Strewth, are Aussie marketers missing a trick?
The latest research shows Aussie and Kiwi marketers lag behind the rest of the world in their optimism about their influence on strategy, writes James New. What’s gone wrong?
Australia has always been famed for its can-do attitude, and for good reason. This is the country that spawned Rupert Murdoch, Fred Hollows and Olivia Newton-John. We came up with the Hills Hoist, the box kite and the concept of pre-paid postage. We keep winning at the cricket. Well, most of the time. And many of our politicians have shown that just about anyone can make it to public office, irrespective of their ability. This is the land of the fair go, where everyone has been given an equal measure of the can-do gene.

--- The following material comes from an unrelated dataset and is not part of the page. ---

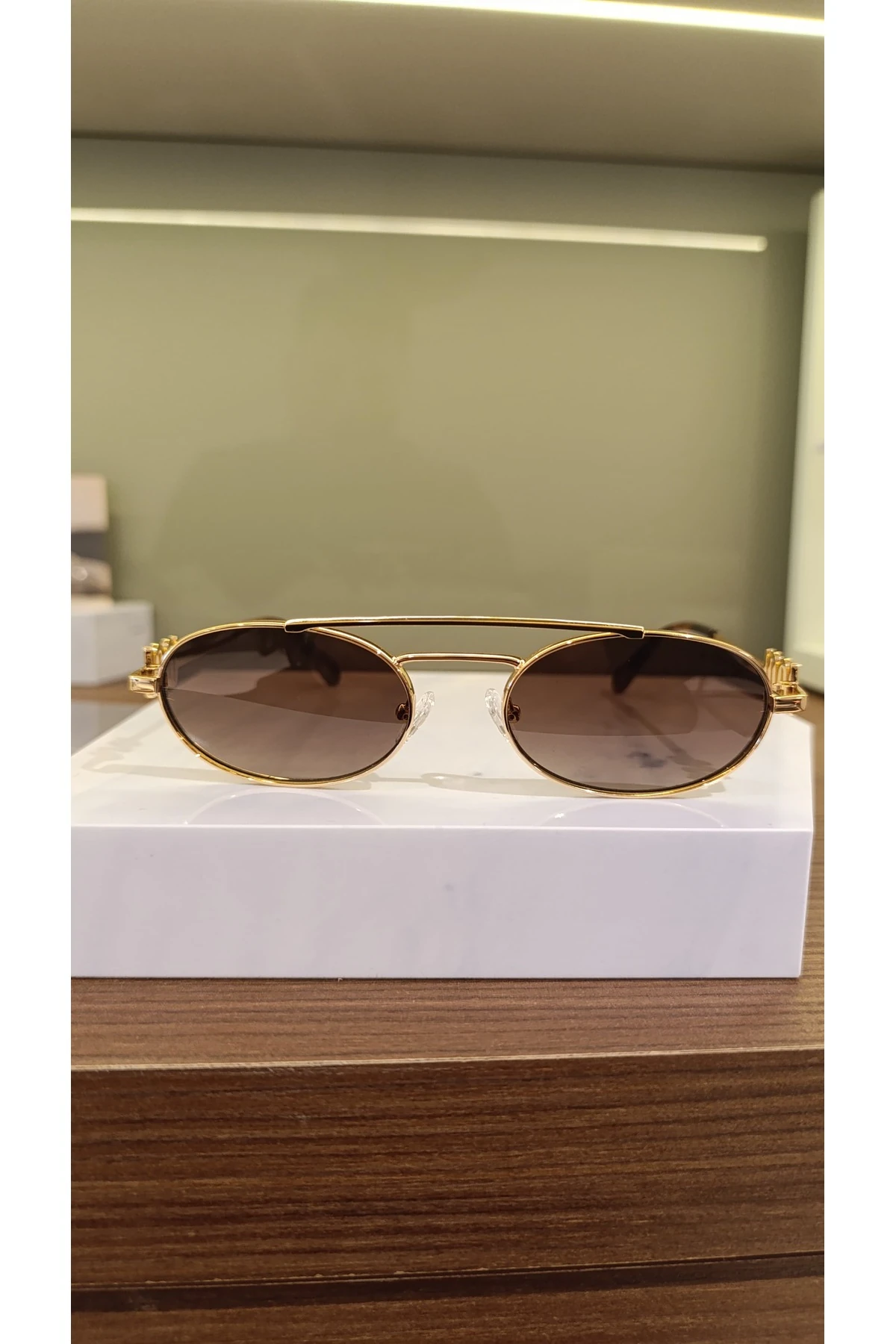 Rachel Paris RP 8600 C5 miu modeli Kadın Güneş Gözlüğü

Makes you feel deadset proud to be an Aussie, doesn’t it? Except, in the marketing world this in-bred optimism has gone walkabout. And the latest research by The Economist Intelligence Unit, commissioned by Marketo, has the proof.
When asked which areas of their business marketing will drive in a few years’ time, less than a third of the Aussie and Kiwi respondents said they’d be influencing corporate strategy. Compare that to half of all the respondents in the rest of the world. We were equally as down on ourselves when it came to influencing a company’s digital strategy. It seems marketers are content to be kept in their box, while overseas their counterparts are spreading their wings and driving change.
No worries. A can-do Aussie would see the problem and bone-up on it. Sadly, it’s not happening. With the emergence of marketing automation, ad-tech and the rise of the internet of things, data will be at the heart of marketing in a few years, if it isn’t already. Yet the research shows that while 45% of American respondents saw data analysis as something they needed to skill-up on, only 25% of ANZ respondents saw the need. Instead, almost a third of us want to develop advertising skills – compared to just 15% of those in the US and Canada.
Fair shake of the sauce bottle
Let’s not be too down on ourselves. The Economist research also asked marketers whether they thought business owners will treat marketing as a revenue driver in the next few years, rather than a cost centre. Almost three quarters of ANZ respondents strongly agreed that was the case. That’s a good thing, except it’s still a few percentage points less than the average across the rest of the world. Dammit.
Perhaps part of problem lies in our sales-driven culture. There’s nothing wrong with a focus on selling, except when it’s rendered in a culture of short-termism. For example, when asked what the term ‘engagement’ means, three quarters of ANZ marketers related it to customer renewals and repeat purchases. Very few related it to brand awareness. It’s a worldwide attitude, although overseas more respondents saw the connection – that greater engagement improves the reputation of a brand, which then helps to drive purchases and, in many cases, enables you to charge a premium.
This focus on sales, rather than margin, was reflected in another question. ANZ marketers were asked how they measured the impact of marketing. We led the field with the answer ‘customer acquisition’, whereas North Americans outnumbered us (almost two to one) with the smarter response: that they measured marketing based on revenue impact. Too smart by half.
It seems ANZ marketers are facing a crisis of confidence. The world is changing in exciting ways. Technology is helping talented individuals to build strong relationships with their customers, furthering demand and providing the insights that can help influence corporate strategy. This is the time marketers should be taking the bull by the horns and making a go of it. Many are, but the research seems to show that some aren’t having a bar of it.
James New is APAC marketing director of Marketo.